In your copy, repeat the records exactly and leave out the pictures.
#### Exercise data ####
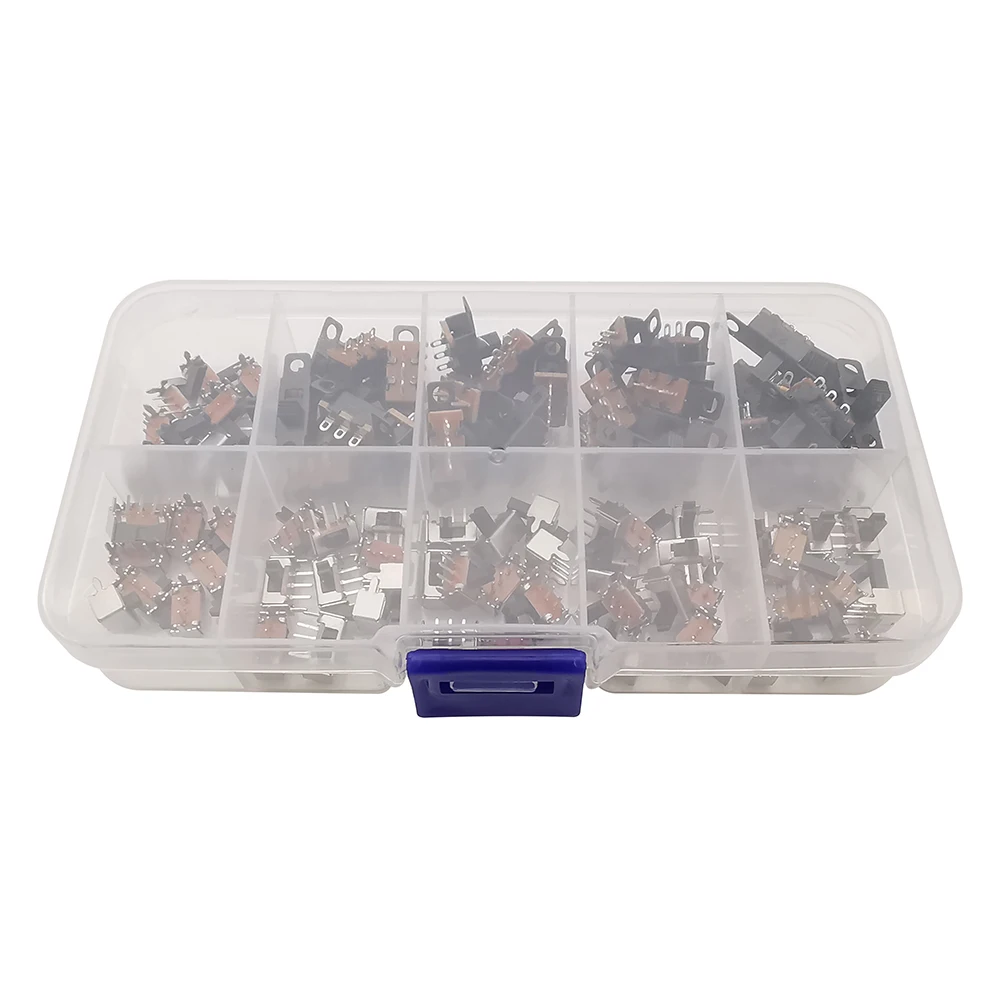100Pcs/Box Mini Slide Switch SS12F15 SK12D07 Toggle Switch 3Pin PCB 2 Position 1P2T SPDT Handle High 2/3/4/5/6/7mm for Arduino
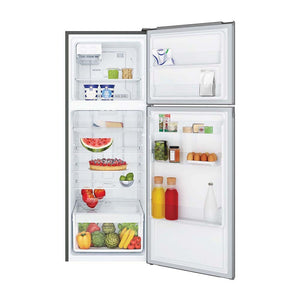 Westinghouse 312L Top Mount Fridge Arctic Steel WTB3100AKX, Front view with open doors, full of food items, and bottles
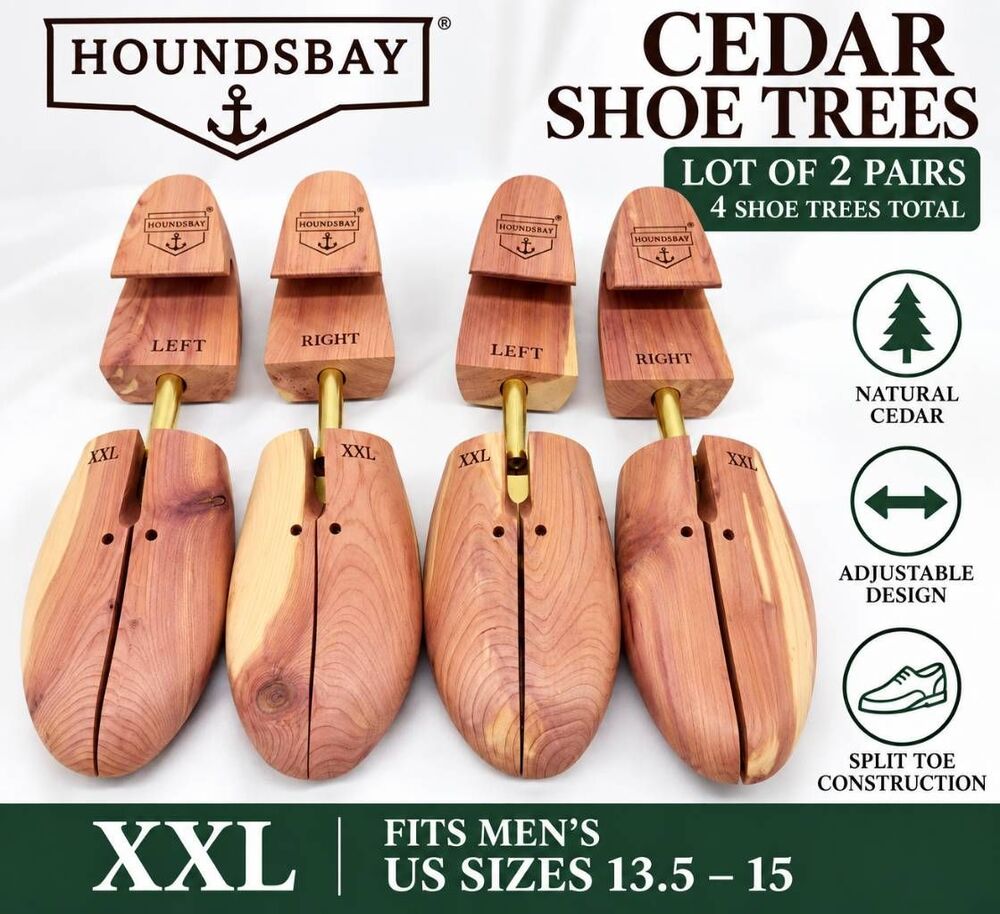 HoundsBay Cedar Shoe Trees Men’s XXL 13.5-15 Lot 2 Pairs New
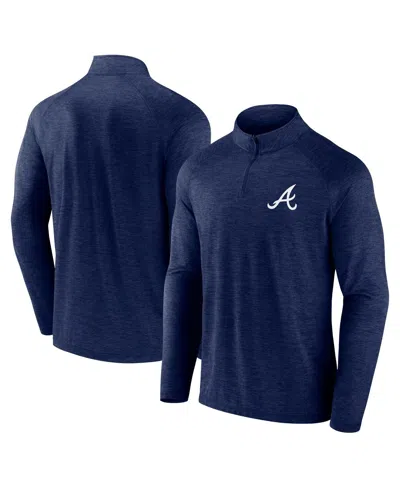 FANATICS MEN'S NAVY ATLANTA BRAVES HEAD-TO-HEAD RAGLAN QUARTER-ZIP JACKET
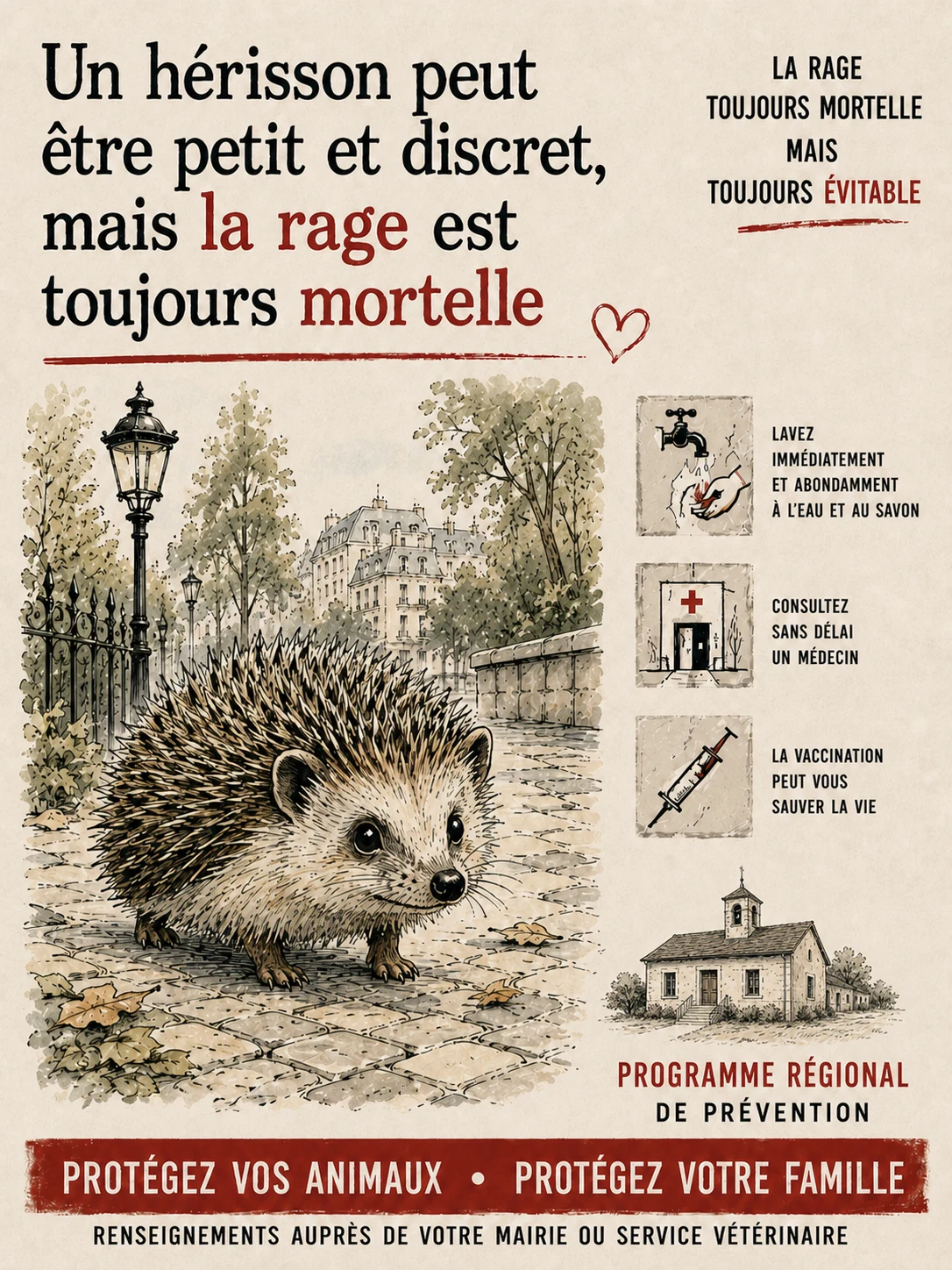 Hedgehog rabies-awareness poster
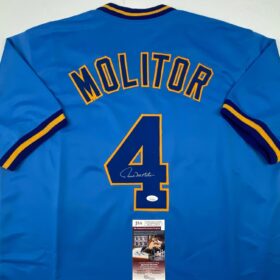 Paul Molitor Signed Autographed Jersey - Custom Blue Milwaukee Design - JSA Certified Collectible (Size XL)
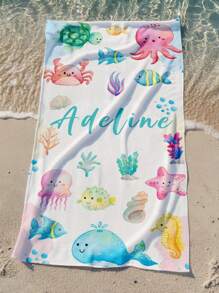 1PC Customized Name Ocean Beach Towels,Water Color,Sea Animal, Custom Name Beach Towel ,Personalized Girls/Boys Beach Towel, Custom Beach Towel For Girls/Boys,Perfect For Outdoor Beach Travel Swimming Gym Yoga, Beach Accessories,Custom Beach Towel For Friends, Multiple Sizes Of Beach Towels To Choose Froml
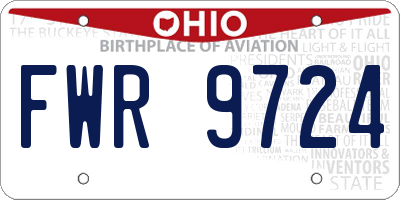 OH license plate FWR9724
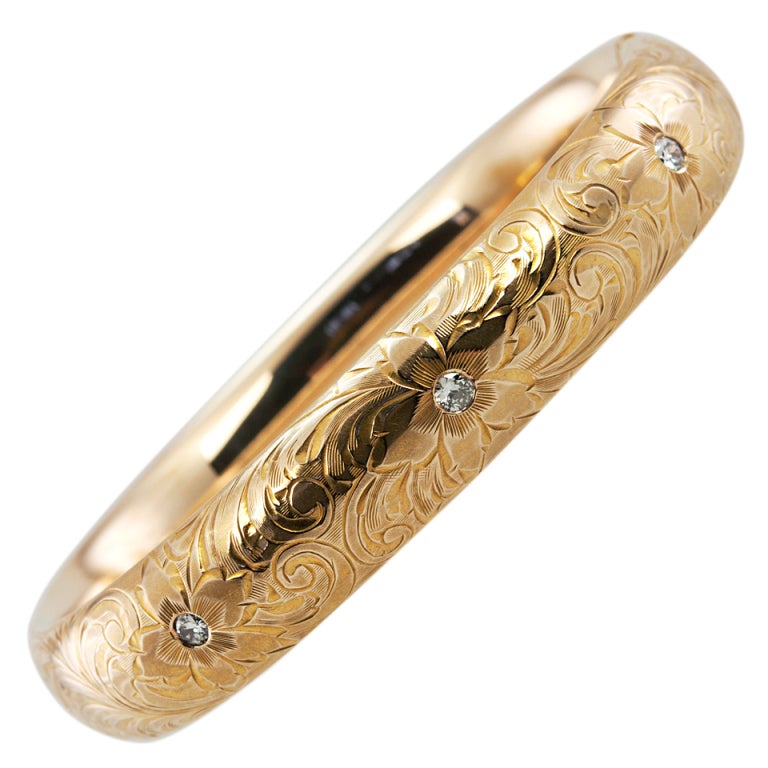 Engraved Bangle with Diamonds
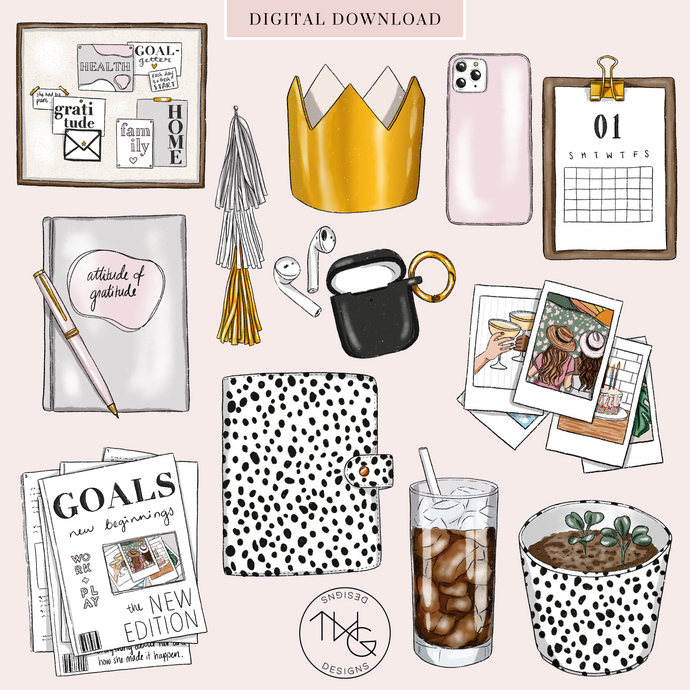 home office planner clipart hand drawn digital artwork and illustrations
####
### Your response
100Pcs/Box Mini Slide Switch SS12F15 SK12D07 Toggle Switch 3Pin PCB 2 Position 1P2T SPDT Handle High 2/3/4/5/6/7mm for Arduino
 Westinghouse 312L Top Mount Fridge Arctic Steel WTB3100AKX, Front view with open doors, full of food items, and bottles
 HoundsBay Cedar Shoe Trees Men’s XXL 13.5-15 Lot 2 Pairs New
 FANATICS MEN'S NAVY ATLANTA BRAVES HEAD-TO-HEAD RAGLAN QUARTER-ZIP JACKET
 Hedgehog rabies-awareness poster
 Paul Molitor Signed Autographed Jersey - Custom Blue Milwaukee Design - JSA Certified Collectible (Size XL)
 1PC Customized Name Ocean Beach Towels,Water Color,Sea Animal, Custom Name Beach Towel ,Personalized Girls/Boys Beach Towel, Custom Beach Towel For Girls/Boys,Perfect For Outdoor Beach Travel Swimming Gym Yoga, Beach Accessories,Custom Beach Towel For Friends, Multiple Sizes Of Beach Towels To Choose Froml
 OH license plate FWR9724
 Engraved Bangle with Diamonds
 home office planner clipart hand drawn digital artwork and illustrations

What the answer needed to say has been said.